--- ENTRIES SHOWN ---
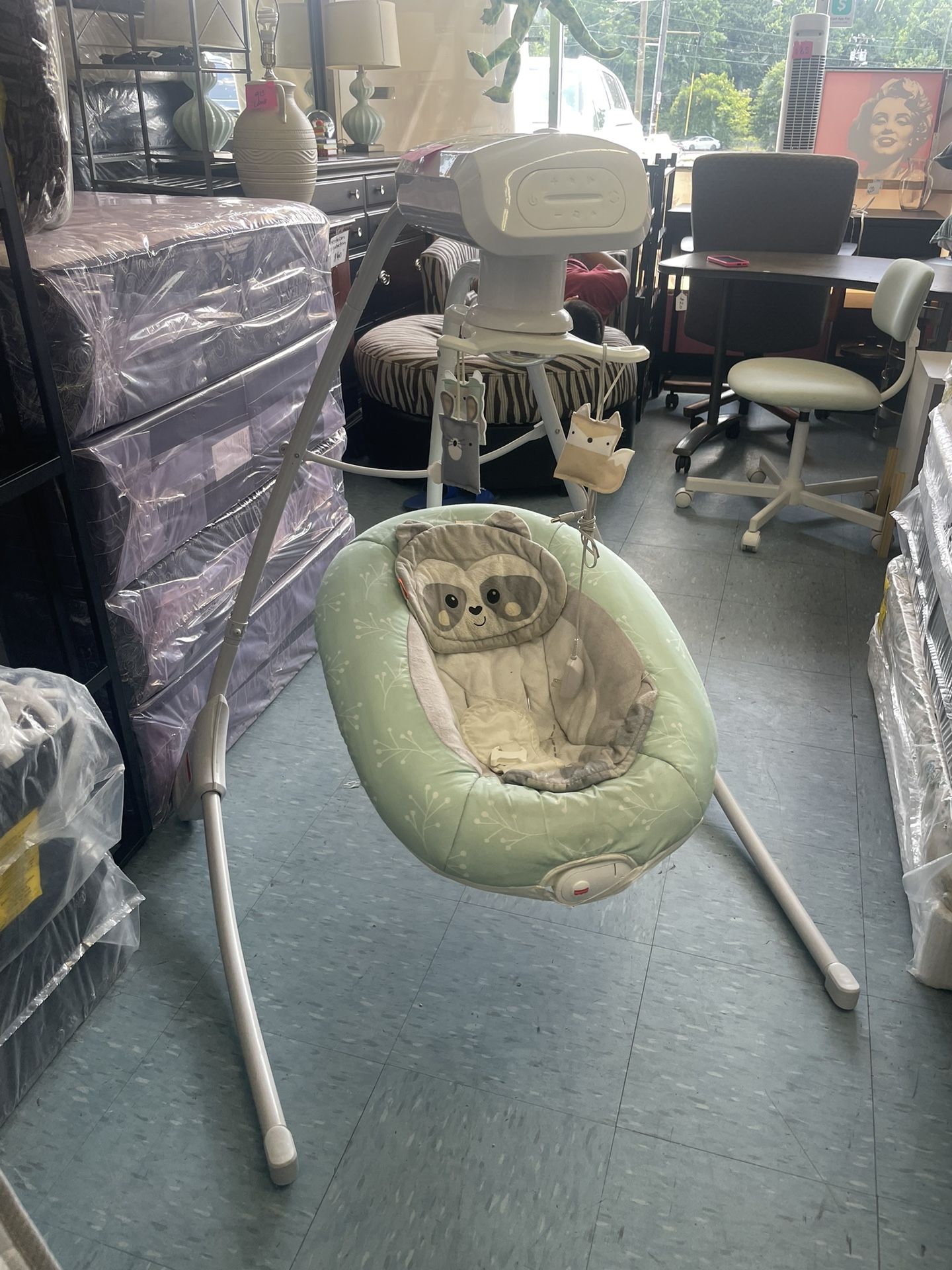 Fisher-Price Cradle 'n Swing, With relaxing music and multiple speeds,$30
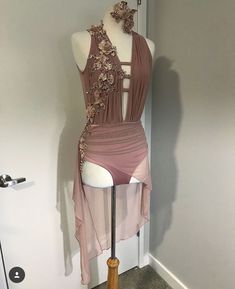 a mannequin wearing a pink dress with flowers on it's back and neck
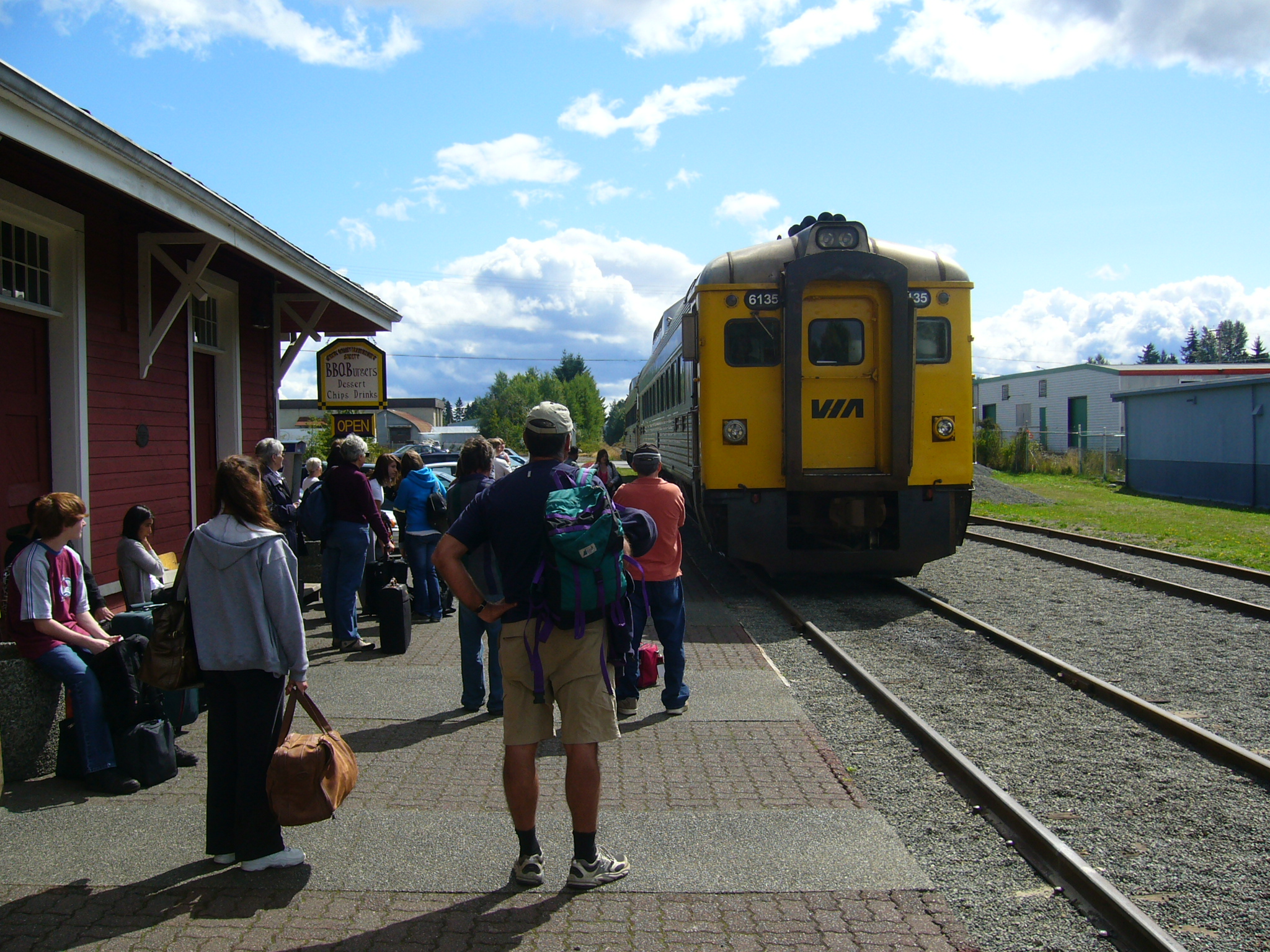 people are eager to get on, but passengers still have to get off. VIA Rail train arrives in Courtney, BC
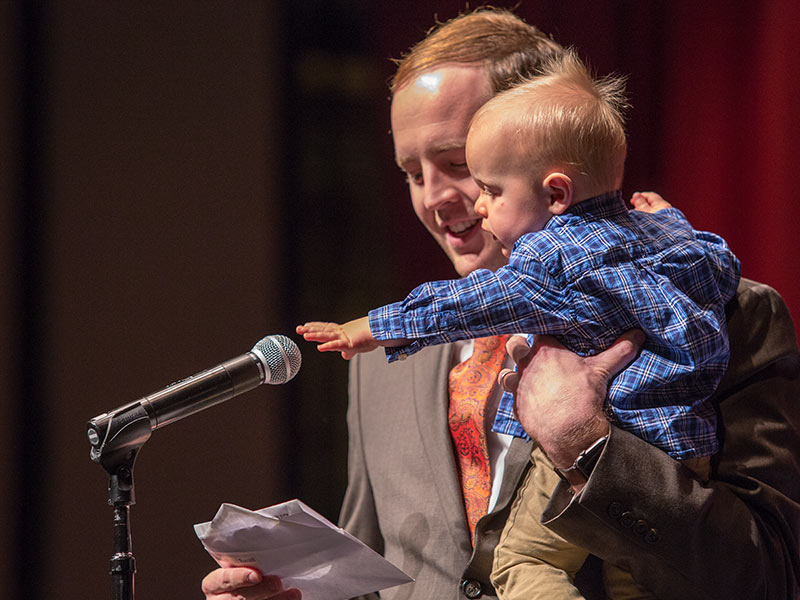 Paul Russell Roberts reveals he has captured a match in medicine-preliminary/radiology oncology at UMMC, while his son, Owen, tries to capture the microphone.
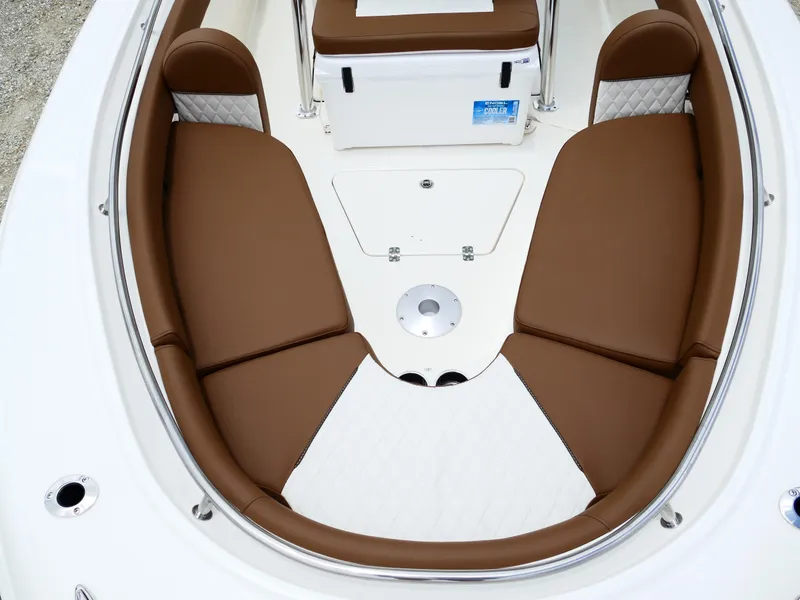 Slide: The Image of 2026 Pioneer 222 Islander boat interior with brown cushioned seating and white flooring. - 44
---
- EXERCISE AIM -
Leave the pictures out and return each entry exactly.

- OUTPUT OF THE EXERCISE -
 Fisher-Price Cradle 'n Swing, With relaxing music and multiple speeds,$30
 a mannequin wearing a pink dress with flowers on it's back and neck
 people are eager to get on, but passengers still have to get off. VIA Rail train arrives in Courtney, BC
 Paul Russell Roberts reveals he has captured a match in medicine-preliminary/radiology oncology at UMMC, while his son, Owen, tries to capture the microphone.
 Slide: The Image of 2026 Pioneer 222 Islander boat interior with brown cushioned seating and white flooring. - 44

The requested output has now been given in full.